**Data for analysis:**
****
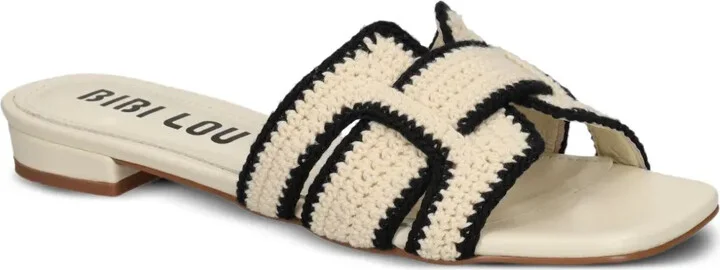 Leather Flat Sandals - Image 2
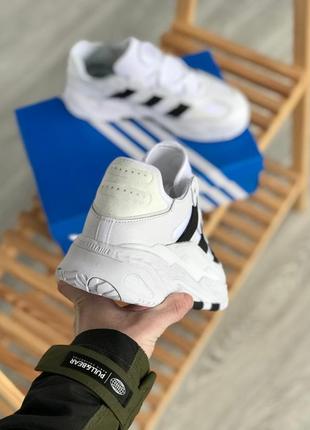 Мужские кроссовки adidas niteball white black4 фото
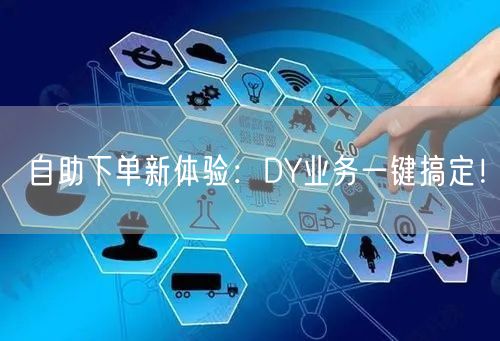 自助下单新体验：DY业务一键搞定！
****
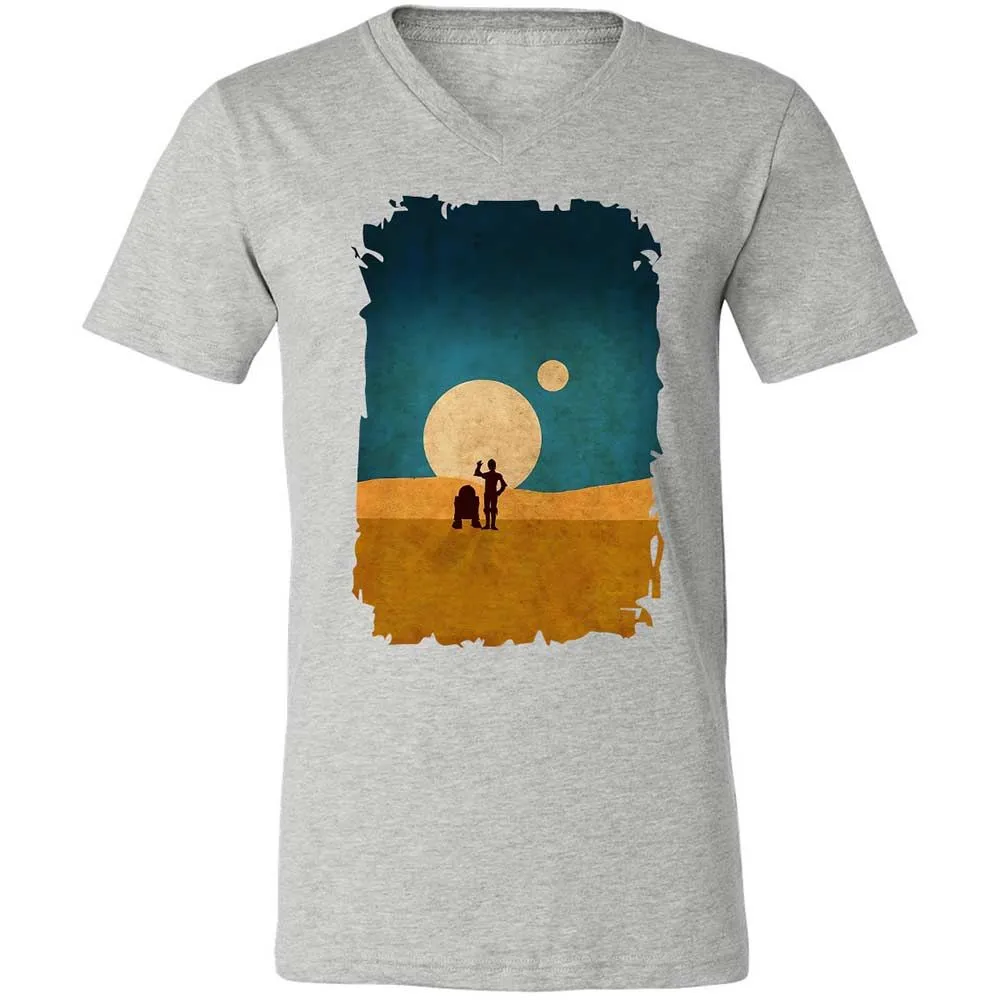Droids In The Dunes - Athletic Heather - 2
****
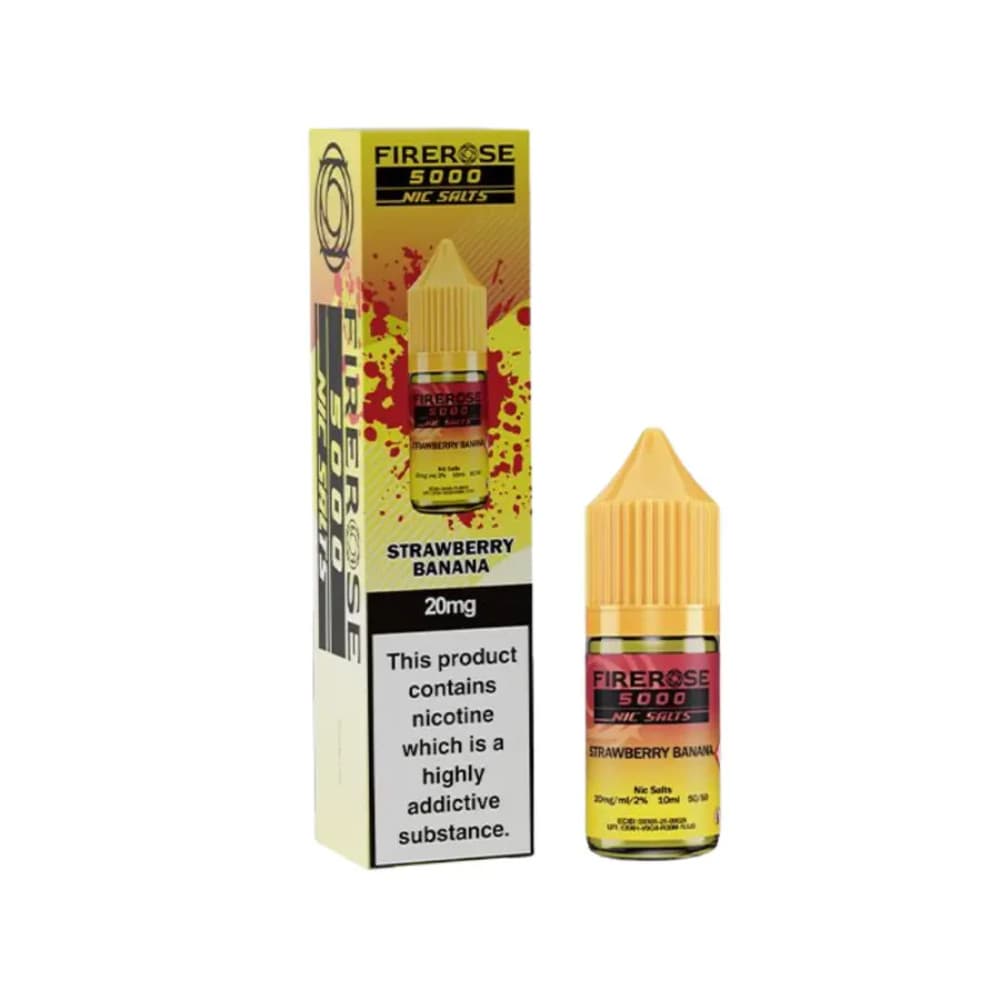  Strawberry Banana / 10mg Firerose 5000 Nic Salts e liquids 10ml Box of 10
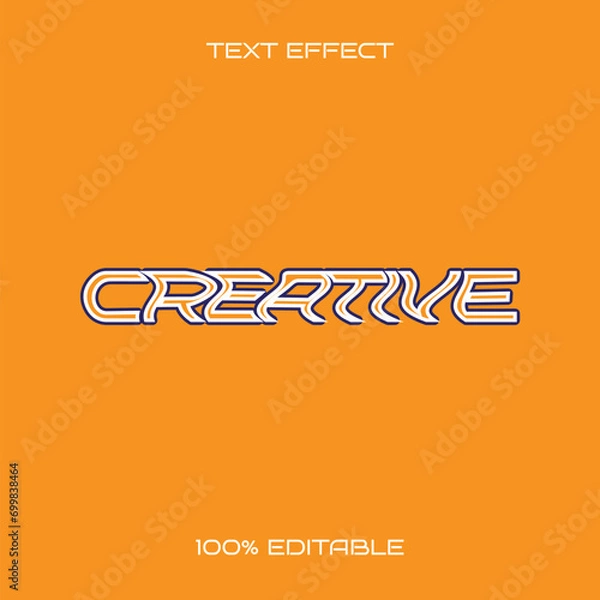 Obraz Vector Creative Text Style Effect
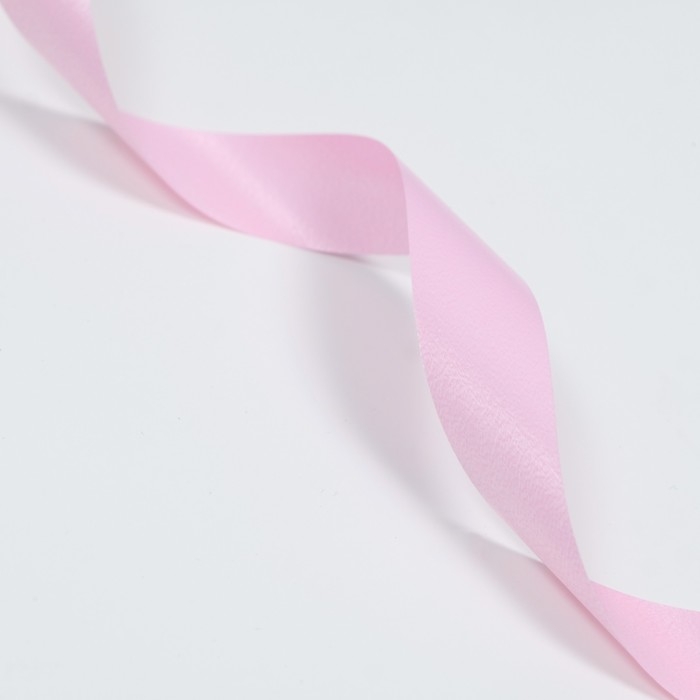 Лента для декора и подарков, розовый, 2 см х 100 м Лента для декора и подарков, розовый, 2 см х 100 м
****
**Problem to work on:**
Transcribe, word for word, the stretch of lines in the data above from the one with "Мужские кроссовки adidas" through the one with "自助下单新体验：DY业务一键搞定！"; omit all pictures.

**Response box:**
 Мужские кроссовки adidas niteball white black4 фото
 自助下单新体验：DY业务一键搞定！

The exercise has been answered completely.